Nachrichten aus Gesellschaft und Arbeitswelt

Stellungnahme zum Erhalt und die Zukunft der Arbeitslosenzentren und Beratungsstellen - Scheitern – das große Tabu

Beitragsseiten

Scheitern – das große Tabu

Sich zu verlaufen gehört zum LEBEN, aber gelegen kommt es nie.Der harmlose Begriff des Verlaufens skizziert für unzählige Menschen in unserer Gesellschaft das, was der Soziologe Sennett5 als Scheitern, dem "großen Tabu der Moderne" bezeichnet hat.

Das Scheitern frisst sich in die Biographie in einer Zeit, in der allseits erfahrbar wird, dass es für fast jeden abwärtsgehen kann, auch unwiderruflich; dass es den eigenen Kindern keineswegs automatisch bessergehen wird als einem selbst. Dass man, und sei es auch nur in der eigenen Wahrnehmung, draußen vor der Tür landen kann oder gelandet ist.

Die Angst, entbehrlich zu werden, ist neu in der Mehrheitsgesellschaft, die noch viel zu verlieren hat. Die Erfahrung, bereits entbehrlich zu sein, ist das tägliche Brot einer wachsenden Minderheit - vor allem der Arbeitslosen.

Die Frage des Scheiterns bezieht sich im Blick auf Auswege wesentlich auf die Perspektiven für die Gesellschaft allgemein und für die von Arbeitslosigkeit, Armut oder Scheitern betroffenen Menschen.

Diese Perspektiven sind aber oft nicht in Sicht und wenn, dann konkretisieren sie sich oft in prekärer Beschäftigung.

Wiederholte Erfahrungen des Scheiterns verdichten sich zu einem Teufelskreislauf von Entmutigung und Angst vor dem nächsten Scheitern, der nächsten Sackgasse.

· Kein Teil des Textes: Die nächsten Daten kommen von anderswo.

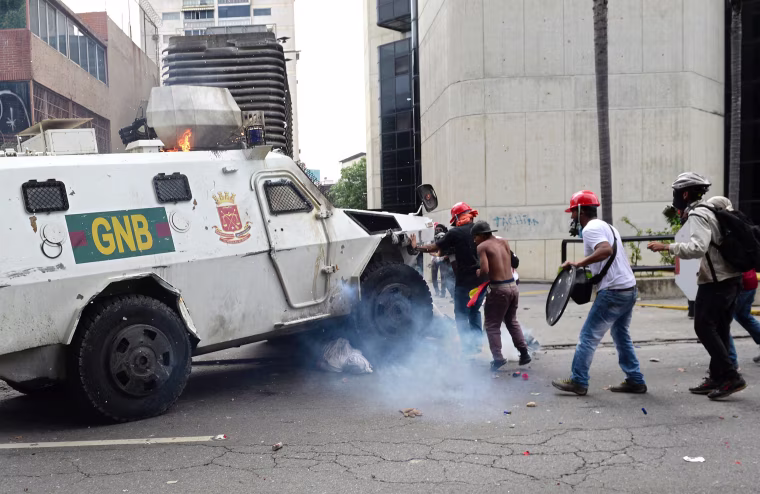Image: A Venezuelan National Guard riot control vehicle runs over an opposition demonstrator during a protest in Caracas on May 3, 2017.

5 Der flexible Mensch. Die Kultur des neuen Kapitalismus. Berlin-Verlag, Berlin 1998, ISBN 3-442-75576-X –

Szenenwechsel: Wirkungen von Arbeitslosigkeit

Wiebicke – „Bevor ich losgelaufen bin, wusste ich zwar einiges darüber, was die Monokulturen in der Landwirtschaft für Verheerungen anrichten. Aber dieses Wissen war abstrakt. Es macht eben einen Unterschied, wenn man tagelang toter Landschaft ausgesetzt ist und durch das Laufen ein Gefühl für die Dimensionen der Zerstörung bekommt.“

… und so ist es auch mit der Arbeitslosigkeit. Es ist eben was Anderes als Unbeteiligter oder Unbeteiligte die Auswirkungen von Arbeitslosigkeit sich vorzustellen oder täglich der Tretmühle von Unsicherheit ausgesetzt zu sein.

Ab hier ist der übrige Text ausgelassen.